Contributor to periodicals, including Texas Review, Cortland Review, E2K, Smokelong, Literary Pot Pourri, Flashquake, and Wind Magazine.
SIDELIGHTS:
B.A. Goodjohn is a writer, novelist, short-story writer, and poet. Emigrating from England, she came to the United States in 1999. She is a frequent contributor of fiction and poetry to a variety of anthologies and literary journals. A resident of Forest, Virginia, Goodjohn lives near the state's famed Blue Ridge Mountains, where she coexists with a group "of tomcats and a small flock of rescue hens," noted a biographer on the Scribe Publications Web site.
Goodjohn's debut novel, Sticklebacks and Snow Globes, is set in a lower-income housing complex in the working-class London neighborhood of Stanley Close. The author focuses on the lives of four families who live in close proximity in this neighborhood and, as she tells their stories, she also considers important issues of family, personal integrity, dealing with loss, and growing up.
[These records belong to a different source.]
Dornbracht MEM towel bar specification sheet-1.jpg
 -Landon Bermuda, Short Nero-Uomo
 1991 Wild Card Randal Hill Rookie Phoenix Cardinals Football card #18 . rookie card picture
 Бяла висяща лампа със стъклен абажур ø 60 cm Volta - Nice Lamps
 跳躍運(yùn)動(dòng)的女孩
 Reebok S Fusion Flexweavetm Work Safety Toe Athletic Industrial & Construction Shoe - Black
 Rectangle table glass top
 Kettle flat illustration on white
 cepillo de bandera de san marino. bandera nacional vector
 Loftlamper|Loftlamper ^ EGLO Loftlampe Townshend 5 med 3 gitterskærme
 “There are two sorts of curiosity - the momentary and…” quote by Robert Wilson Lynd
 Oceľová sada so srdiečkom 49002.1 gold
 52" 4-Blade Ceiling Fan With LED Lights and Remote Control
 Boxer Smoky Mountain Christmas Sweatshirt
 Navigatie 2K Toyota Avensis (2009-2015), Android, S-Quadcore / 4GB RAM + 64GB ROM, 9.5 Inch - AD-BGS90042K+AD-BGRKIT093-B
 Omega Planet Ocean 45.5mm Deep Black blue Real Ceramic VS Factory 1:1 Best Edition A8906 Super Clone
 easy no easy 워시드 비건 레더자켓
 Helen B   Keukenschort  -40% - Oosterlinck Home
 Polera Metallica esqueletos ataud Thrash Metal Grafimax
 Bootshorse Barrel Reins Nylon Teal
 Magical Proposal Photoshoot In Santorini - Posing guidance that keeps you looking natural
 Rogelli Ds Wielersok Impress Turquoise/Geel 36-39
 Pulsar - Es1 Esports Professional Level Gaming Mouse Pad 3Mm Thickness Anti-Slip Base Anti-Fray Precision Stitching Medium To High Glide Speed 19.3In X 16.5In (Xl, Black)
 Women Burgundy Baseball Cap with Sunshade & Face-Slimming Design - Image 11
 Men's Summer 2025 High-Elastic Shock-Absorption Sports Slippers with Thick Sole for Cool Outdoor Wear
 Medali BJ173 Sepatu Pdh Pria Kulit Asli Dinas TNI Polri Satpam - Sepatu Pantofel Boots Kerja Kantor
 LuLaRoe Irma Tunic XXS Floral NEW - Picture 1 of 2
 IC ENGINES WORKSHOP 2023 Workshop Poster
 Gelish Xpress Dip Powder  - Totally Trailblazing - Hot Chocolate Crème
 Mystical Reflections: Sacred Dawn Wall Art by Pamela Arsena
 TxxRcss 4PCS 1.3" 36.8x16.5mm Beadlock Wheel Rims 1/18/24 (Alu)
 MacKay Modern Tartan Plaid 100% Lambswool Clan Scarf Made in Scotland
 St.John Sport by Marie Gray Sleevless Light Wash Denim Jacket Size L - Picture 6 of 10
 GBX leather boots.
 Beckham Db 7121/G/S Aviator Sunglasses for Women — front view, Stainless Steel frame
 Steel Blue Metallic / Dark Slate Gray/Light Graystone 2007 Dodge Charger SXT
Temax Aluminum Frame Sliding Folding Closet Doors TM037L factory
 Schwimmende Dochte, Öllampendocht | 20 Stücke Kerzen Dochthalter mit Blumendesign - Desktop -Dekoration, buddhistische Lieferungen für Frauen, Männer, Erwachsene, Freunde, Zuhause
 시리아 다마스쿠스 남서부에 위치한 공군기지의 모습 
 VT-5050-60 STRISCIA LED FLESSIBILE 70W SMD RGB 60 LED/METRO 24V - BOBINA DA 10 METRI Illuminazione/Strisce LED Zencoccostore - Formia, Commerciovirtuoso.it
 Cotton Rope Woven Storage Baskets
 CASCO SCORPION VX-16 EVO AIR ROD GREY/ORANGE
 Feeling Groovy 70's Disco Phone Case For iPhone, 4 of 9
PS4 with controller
The novel's main protagonist is Tot Thompson, an eight-year-old girl who combines a sense of innocence with wiry determination as she navigates the inevitable course of maturation. Tot possesses a tendency to make telling observations about the people around her, and despite her age, she is closely involved in the lives of her sister, Dorothy; her friends, Keesal, Lily, and Stacey; and her mother.
Though perhaps wise beyond her years, Tot is afflicted with epilepsy, and she has to constantly be on her guard for the approach of a seizure, which she calls "Kit the Fit." A deep love for snow globes helps Tot remain grounded through her difficulties. For her part, Tot is fearful that her father, Donald, a trumpet player, will decamp from England to pursue his closely held fantasy of seeking his musical fame in New Orleans. To prevent his leaving, Tot makes a deal with God: if God can keep her father at home, she will catch seven stickleback fish from the local canal and will sacrifice them for seven consecutive Saturdays.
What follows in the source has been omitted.